:: ABOUT THIS TASK ::
Only the lines below from the one that holds "SDUM SPMG 110408 D4" through the one that holds "Courbe de l'humidex" should appear in the answer, copied exactly, end lines included and pictures omitted.

:: RECORDS SUPPLIED ::
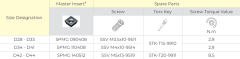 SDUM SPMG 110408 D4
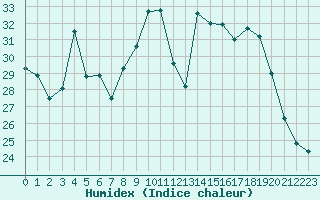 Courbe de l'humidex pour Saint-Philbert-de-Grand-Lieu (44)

* * *

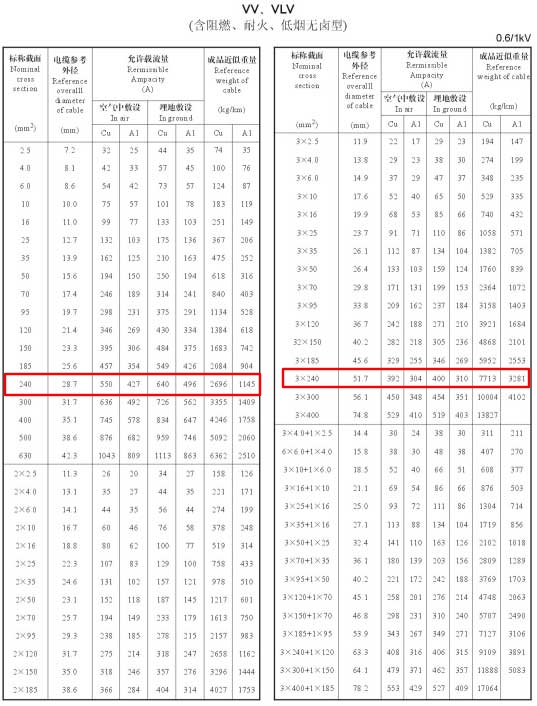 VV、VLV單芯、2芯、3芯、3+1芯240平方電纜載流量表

--

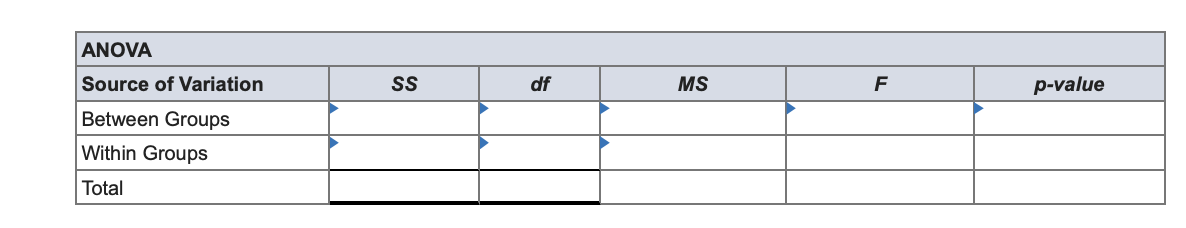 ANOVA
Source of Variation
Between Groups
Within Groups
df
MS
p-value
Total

:: SOLUTION BELOW ::
 SDUM SPMG 110408 D4
 Courbe de l'humidex pour Saint-Philbert-de-Grand-Lieu (44)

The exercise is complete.